TrainingBase 为抽象模型,TrainingLearningPlan 去继承该类实现实体模型,因为 TrainingLearningPlan 继承该类的 created_by 字段,导致在后续进行反向查询时会有非唯一结果,所以需要在 related_name 使用 %(class)s_creator 来获取唯一的结果。

# training/models.py

class TrainingBase(models.Model):
    title = models.CharField(_("title"), max_length=25)
    description = models.TextField(_("description"), max_length=100)
    created_time = models.DateTimeField(_("created time"), auto_now_add=True)
    is_open = models.BooleanField(_("open whether or not"), default=False)
    created_by = models.ForeignKey(User, on_delete=models.SET_NULL, null=True, related_name='%(class)s_creator')

    def __str__(self):
        return self.title

    class Meta:
        abstract = True
        ordering = ['-created_time']

训练比赛有三种参赛方式,分别是:

  1. 用户
  2. 密码

以上三种为或关系,满足一项即可参赛。

# training/models.py

class Training(TrainingBase):
    ...
    group = models.ManyToManyField(Group, related_name='train_groups')
    user = models.ManyToManyField(User, related_name='train_users')
    password = models.CharField(_("password"), max_length=128, null=True)
    ...

参赛时会对以上三项进行验证,验证通过后会将验证信息存入缓存以供读取。

# training/views/normal.py

@api_view(['POST'])
@permission_classes([permissions.IsAuthenticated])
def training_verify(request):
    try:
        if not request.data.get('id'):
            return Response({"detail": "id为空"}, status=status.HTTP_400_BAD_REQUEST)

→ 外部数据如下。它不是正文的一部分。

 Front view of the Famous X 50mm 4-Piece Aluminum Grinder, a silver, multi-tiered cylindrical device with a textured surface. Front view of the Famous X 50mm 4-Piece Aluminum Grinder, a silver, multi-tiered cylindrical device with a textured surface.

        training = Training.objects.filter(is_open=True).get(pk=request.data.get('id'))
    except Training.DoesNotExist:
        return Response({"detail": "比赛不存在"}, status=status.HTTP_404_NOT_FOUND)

    training_verify_set = cache.get('training_verify_' + str(request.data.get('id')), set())

    if request.data.get('password') and \
            training.password and \
            check_password(request.data.get('password'), training.password):
        training_verify_set.add(request.user.username)
        cache.set('training_verify_' + str(request.data.get('id')), training_verify_set, None)
        return Response({"detail": "ok"}, status=status.HTTP_200_OK)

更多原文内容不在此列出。